Before we proceed, do members have any interests to declare? I declare an interest as a member of the Privy Council and the Northern Ireland Policing Board. Professor Jackson, do you want to make a statement before the Committee asks questions?

Professor John Jackson (Queen’s University Belfast):
If it is appropriate, I will say a few words. I thank the Committee for the opportunity to address it. I am here to assist the Committee on matters relating to prosecution.

The Committee has a copy of a paper that sets out the thinking behind the criminal justice review, which has laid the foundations for some of the changes. The criminal justice review was asked to give close attention to prosecution arrangements; research was commissioned and two broad trends, which could be seen across several countries in recent years, were identified. First, there was a movement towards the independence of prosecution decision-making from political influence. Secondly, there was a movement towards greater transparency through a variety of explanatory mechanisms.

Since the review team reported, those trends have been reflected in European standards on prosecution that were published in 2000, which state that specific instructions by Governments not to prosecute individuals should — in principle — be prohibited. Democratic states, in which Government Ministers seek to influence decision-making on prosecutions, run into trouble because of perceived political bias. That was a recent problem for the previous Attorney General for England and Wales, Lord Goldsmith, as he insisted on making prosecution decisions concerning the cash-for-honours case. As a result, the current Attorney General for England and Wales — under Gordon Brown’s Administration — said that she will not take individual prosecution decisions, except on matters of national security or where the law requires it.

In my submission I mentioned that a paper on the role of the Attorney General in England and Wales is currently out for consultation.
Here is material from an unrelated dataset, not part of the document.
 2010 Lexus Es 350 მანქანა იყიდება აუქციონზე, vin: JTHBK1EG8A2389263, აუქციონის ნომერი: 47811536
In order to avoid those problems, the criminal justice review considered that there should be a consultative relationship between the Attorney General and the Director of Public Prosecutions (DPP), rather than one through which the Attorney General could direct the DPP on those matters.

To say that there is a need for independence when it comes to prosecution decisions does not mean that there should be any lack of accountability for those decisions. Again, European standards make it clear that there is a need for transparency of the principles of prosecution, which are set out and published, and some mechanism by which individuals can challenge those decisions, if necessary, through the courts. In addition, the criminal justice review added two mechanisms for review of decisions: first, an inspection mechanism, which in July 2007 published a considerable report on the decision-making of the public prosecution service in Northern Ireland; and secondly, the entitlement of individuals to reasons for decisions. That has developed slowly in the new service, but it is now possible for individuals to obtain detailed reasons where available.

The review considered that there was a significant role for the Assembly with respect to political accountability. It would not be appropriate for the Assembly to get involved in individual decisions because of the perception of political interference, but it should have a role in issues such as public confidence in the effectiveness and workability of the prosecution service. The Attorney General should answer to the Assembly for the work of the public prosecution service (PPS), and, specifically, the DPP should answer questions on administration and finance.

The current debate in England and Wales shows that is not easy to get the right balance between independence and accountability. In Northern Ireland, we have an opportunity to break new ground, and we can do so provided that in order to command confidence, we must try to obtain some independence for individual decision-making. At the same time, we must have some form of accountability for the work of the PPS.

The Chairperson:
Thank you very much, Professor Jackson. We appreciate the time that you have taken to provide a written submission to the Committee, which is very useful.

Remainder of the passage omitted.